03 July 2011

Friend or Foe?

Right - let me make this quite clear. I am all for any country keeping out nasty foreigners with questionable hygiene who refuse both to integrate and to work. However, when it comes to ME, I tend to reach for the deodorant and get rather righteous and irritable.

Yes - it was time for us to renew our visas.

The whole procedure is a process of documentary obstacles, with only the most tenacious applicants being awarded the Big Prize ("Yes, another 2 years of 6 foot snow can be yours for the low, low price of your sanity!").

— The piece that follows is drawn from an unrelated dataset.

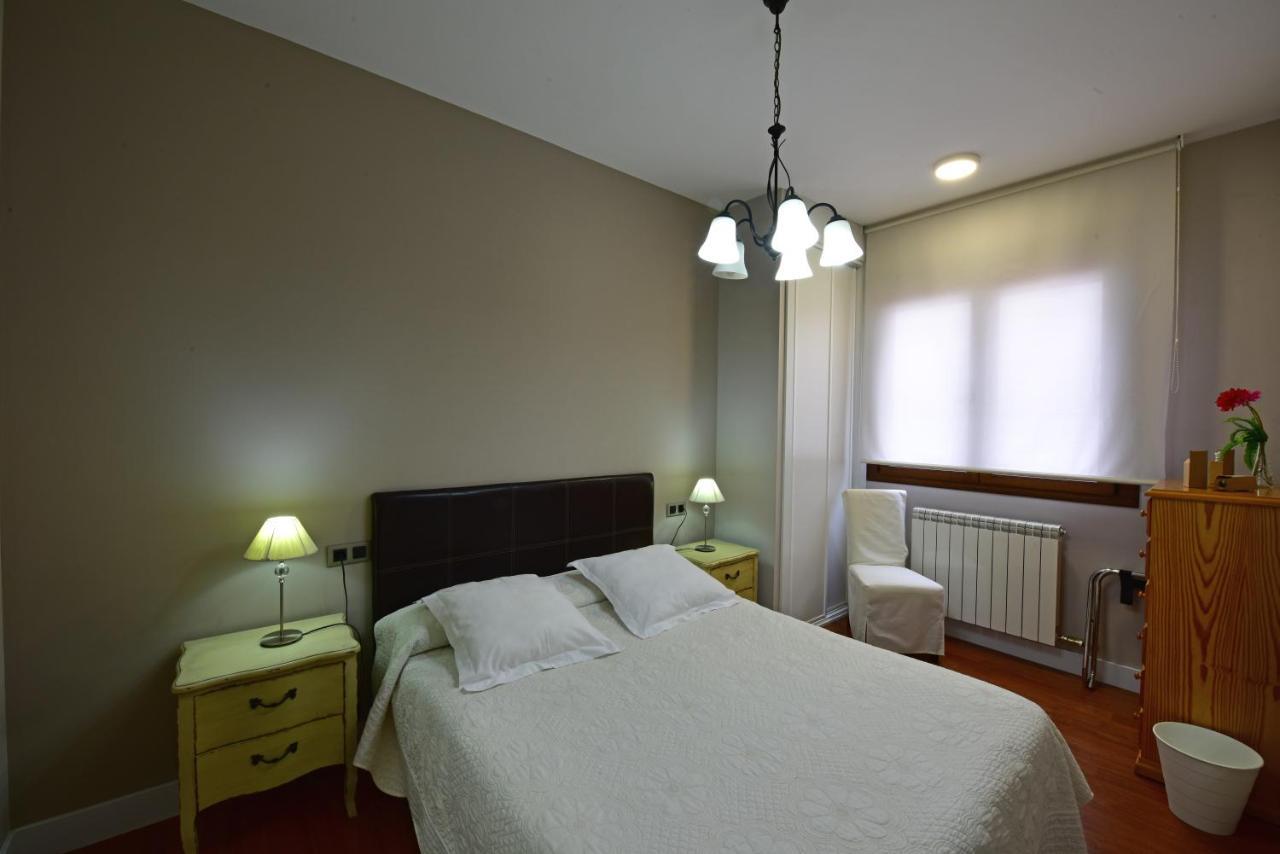 Salamanca Centro Apartamentos Dış mekan fotoğraf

The first step is to apply using the visa application system on-line. Except it was written and completed by a really distracted 15 year-old who was taking his GSCE in Computing Science a year early, and forgot about the testing module. The initial screen informs you (rather optimistically) that the process may take 25 minutes to complete. It took me fours hours. For each application. A little like an original BBC text-based adventure game ("Hit troll", "What troll?" etc), it would either intermittently throw you out of the system as you had not touched the key-board for 3 seconds (this was timed, by me, sobbing very very quietly, so that the pixies couldn't hear), or, on using the drop-down list-boxes, would redirect you out to a completely random screen on the Homeland Security web-site. "Oh , yes," said one of the Brits, "It's been like that for about 12 months. When it happened to us we told our company they would have to do it for us". Unfortunately, I did not have that sort of privilege, so had to plough on. Finally, I was in the position to scan in the photos and print out all the forms we needed.

Then came the Book Your Interview challenge.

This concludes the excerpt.